ML Offload API

Unified Multi-Backend ML Model Orchestration & Inference Platform

![License: MIT](https://img.shields.io/badge/License-MIT-yellow.svg) ![Built with Nix](https://img.shields.io/badge/Built_With-Nix-5277C3.svg?logo=nixos&logoColor=white) ![Rust](https://img.shields.io/badge/Rust-1.70+-orange.svg?logo=rust) ![Status: Active Development](https://img.shields.io/badge/Status-Active_Development-green.svg)

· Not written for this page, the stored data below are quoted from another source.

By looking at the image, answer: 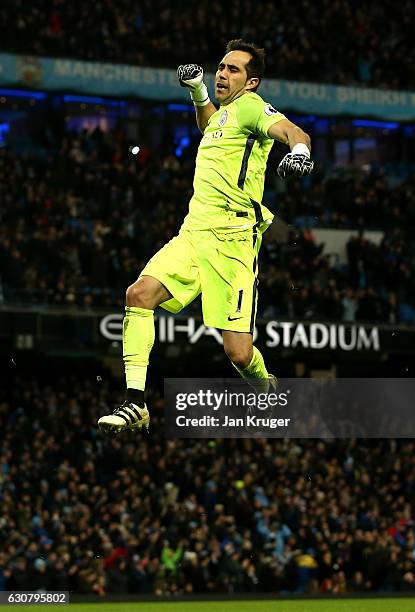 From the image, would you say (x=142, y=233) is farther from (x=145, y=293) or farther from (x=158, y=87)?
(x=145, y=293)

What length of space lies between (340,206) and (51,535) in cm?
1505

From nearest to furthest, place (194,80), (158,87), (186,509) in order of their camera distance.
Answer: (194,80) → (186,509) → (158,87)

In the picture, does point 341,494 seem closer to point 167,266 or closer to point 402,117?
point 402,117

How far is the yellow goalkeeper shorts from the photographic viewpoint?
11.2 metres

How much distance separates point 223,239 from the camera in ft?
37.1

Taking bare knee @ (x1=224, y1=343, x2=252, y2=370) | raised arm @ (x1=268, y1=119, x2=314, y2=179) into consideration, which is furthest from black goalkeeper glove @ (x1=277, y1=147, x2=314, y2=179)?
bare knee @ (x1=224, y1=343, x2=252, y2=370)

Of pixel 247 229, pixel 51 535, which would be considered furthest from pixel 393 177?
pixel 247 229

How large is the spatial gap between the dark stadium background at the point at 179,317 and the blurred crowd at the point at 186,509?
0.05 meters

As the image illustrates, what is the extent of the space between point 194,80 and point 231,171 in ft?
3.37

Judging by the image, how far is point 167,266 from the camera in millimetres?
11055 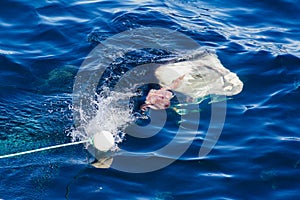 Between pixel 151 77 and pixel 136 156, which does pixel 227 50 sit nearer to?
pixel 151 77

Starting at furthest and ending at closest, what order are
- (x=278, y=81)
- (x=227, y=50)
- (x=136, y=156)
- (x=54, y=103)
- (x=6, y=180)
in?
(x=227, y=50), (x=278, y=81), (x=54, y=103), (x=136, y=156), (x=6, y=180)

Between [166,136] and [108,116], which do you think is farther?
[108,116]

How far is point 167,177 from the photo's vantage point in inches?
268

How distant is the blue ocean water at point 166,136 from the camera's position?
6.64 m

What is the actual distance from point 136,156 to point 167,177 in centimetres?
56

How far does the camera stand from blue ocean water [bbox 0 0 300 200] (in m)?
Result: 6.64

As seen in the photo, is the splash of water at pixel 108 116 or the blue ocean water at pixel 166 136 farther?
the splash of water at pixel 108 116

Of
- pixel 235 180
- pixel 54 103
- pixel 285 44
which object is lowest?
pixel 235 180

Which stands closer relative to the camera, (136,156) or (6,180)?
(6,180)

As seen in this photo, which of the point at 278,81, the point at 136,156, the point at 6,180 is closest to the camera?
the point at 6,180

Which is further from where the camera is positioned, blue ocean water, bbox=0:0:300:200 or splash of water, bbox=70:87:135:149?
splash of water, bbox=70:87:135:149

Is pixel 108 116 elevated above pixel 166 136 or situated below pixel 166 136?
above

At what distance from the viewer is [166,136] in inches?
299

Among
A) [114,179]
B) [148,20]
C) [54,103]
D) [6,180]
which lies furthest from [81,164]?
[148,20] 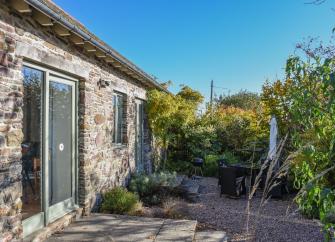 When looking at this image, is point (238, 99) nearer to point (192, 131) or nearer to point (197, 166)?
point (192, 131)

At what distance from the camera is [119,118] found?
846cm

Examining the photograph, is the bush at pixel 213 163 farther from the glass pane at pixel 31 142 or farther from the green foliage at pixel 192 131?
the glass pane at pixel 31 142

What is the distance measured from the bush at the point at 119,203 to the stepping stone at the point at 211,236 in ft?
5.21

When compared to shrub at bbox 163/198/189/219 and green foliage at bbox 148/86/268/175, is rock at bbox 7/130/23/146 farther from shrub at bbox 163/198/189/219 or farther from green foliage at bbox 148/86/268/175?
green foliage at bbox 148/86/268/175

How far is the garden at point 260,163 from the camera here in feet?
7.36

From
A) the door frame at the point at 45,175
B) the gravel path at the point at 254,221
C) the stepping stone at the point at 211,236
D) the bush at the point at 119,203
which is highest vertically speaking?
the door frame at the point at 45,175

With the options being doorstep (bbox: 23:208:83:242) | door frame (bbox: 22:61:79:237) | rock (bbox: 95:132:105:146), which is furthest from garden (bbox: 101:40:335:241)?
door frame (bbox: 22:61:79:237)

ML Offload API is a high-performance orchestration layer designed to provide unified access to multiple ML inference backends (Ollama, llama.cpp, vLLM, TGI). It features intelligent VRAM management, automatic backend selection, and deep optimization for NVIDIA Blackwell (B200/B300) architectures.

🏗️ Architecture

graph TD
    subgraph "Platform Services"
        NL[neoland] --> MOA[ml-ops-api]
        CR[cerebro] --> MOA
        AA[arch-analyzer] --> MOA
    end

    subgraph "ml-ops-api Core"
        MOA --> TF[tensorforge / Rust Core]
        TF --> B[Backends]
        B --> LC[llama.cpp]
        B --> VL[vLLM]
        TF --> RM[VRAM Monitoring / NVML]
        TF --> MR[Model Registry / SQLite]
    end

    subgraph "Analysis Layer"
        AA --> PY[Python Analyzer]
        PY --> TF
    end

    subgraph "Infrastructure"
        TF --> NX[NixOS / B200 Optimized]
        TF --> AZ[Azure Fleet]
    end

🚀 Key Features

🎯 Multi-Backend Orchestration - Unified API for Ollama, llama.cpp, vLLM, and TGI.
🧠 Intelligent Routing - Automatic backend selection based on VRAM availability, load, and model requirements.
📊 Real-time Monitoring - GPU memory tracking via NVIDIA NVML for precise resource allocation.
🏎️ Blackwell Optimized - Specialized NixOS modules for NVIDIA B200 (192GB HBM3e) with FP8 quantization and tensor parallelism.
🔌 WebSocket & Streaming - Real-time streaming inference for low-latency applications.
📦 Nix-First Workflow - Reproducible builds, development shells, and declarative deployment via Nix Flakes.

🛠️ Components

1. TensorForge (Rust Core)

The heart of the platform, built with Axum and Tokio. It defines a unified Backend trait and manages the lifecycle of inference processes.

2. Arch-Analyzer (Python)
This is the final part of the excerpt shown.